Problem description:
Retype the tail of the data exactly, starting at the line containing "Forsbrey's vice press" and stopping at the last line.

Given data:
=== Begin Enclosure ===
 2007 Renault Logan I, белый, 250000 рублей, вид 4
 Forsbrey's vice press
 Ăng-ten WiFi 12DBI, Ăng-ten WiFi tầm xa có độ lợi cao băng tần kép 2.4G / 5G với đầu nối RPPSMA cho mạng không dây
=== End Enclosure ===
Expected output:
 Forsbrey's vice press
 Ăng-ten WiFi 12DBI, Ăng-ten WiFi tầm xa có độ lợi cao băng tần kép 2.4G / 5G với đầu nối RPPSMA cho mạng không dây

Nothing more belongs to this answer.